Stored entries
────────────────────

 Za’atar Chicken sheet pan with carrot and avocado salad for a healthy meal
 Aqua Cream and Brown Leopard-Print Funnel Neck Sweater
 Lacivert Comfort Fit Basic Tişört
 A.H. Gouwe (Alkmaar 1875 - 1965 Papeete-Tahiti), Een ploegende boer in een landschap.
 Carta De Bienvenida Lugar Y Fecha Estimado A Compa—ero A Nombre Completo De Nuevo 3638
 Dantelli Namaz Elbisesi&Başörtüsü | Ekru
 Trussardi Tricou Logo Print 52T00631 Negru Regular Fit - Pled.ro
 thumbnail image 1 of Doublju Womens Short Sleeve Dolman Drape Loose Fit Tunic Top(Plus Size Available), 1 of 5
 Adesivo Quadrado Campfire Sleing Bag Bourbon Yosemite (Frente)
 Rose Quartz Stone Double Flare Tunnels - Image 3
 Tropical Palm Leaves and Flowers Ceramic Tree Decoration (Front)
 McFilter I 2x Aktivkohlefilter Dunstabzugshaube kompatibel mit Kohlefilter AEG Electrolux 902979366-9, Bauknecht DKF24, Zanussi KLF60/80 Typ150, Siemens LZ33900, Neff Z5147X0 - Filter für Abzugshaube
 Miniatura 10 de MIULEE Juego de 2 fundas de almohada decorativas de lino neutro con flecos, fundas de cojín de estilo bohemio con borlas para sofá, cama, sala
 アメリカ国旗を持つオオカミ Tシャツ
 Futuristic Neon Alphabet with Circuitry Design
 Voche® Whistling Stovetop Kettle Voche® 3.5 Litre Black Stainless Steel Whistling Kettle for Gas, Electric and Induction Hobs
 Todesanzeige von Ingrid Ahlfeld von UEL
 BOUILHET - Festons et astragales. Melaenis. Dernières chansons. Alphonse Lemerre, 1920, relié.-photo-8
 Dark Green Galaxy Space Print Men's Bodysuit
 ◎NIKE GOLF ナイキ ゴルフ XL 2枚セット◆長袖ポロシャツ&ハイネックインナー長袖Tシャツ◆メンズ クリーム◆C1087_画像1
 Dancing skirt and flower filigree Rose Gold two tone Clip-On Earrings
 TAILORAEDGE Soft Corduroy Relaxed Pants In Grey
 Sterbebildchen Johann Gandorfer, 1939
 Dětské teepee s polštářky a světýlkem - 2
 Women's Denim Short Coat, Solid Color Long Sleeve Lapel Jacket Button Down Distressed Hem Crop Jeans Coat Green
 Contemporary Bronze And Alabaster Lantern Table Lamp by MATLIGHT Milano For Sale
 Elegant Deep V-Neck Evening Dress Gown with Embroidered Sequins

────────────────────

## What you have to do
Extract, exactly, the lines above that begin at the line containing "Contemporary Bronze And" and end at the final line of the records; add no other text.

## Expected answer
 Contemporary Bronze And Alabaster Lantern Table Lamp by MATLIGHT Milano For Sale
 Elegant Deep V-Neck Evening Dress Gown with Embroidered Sequins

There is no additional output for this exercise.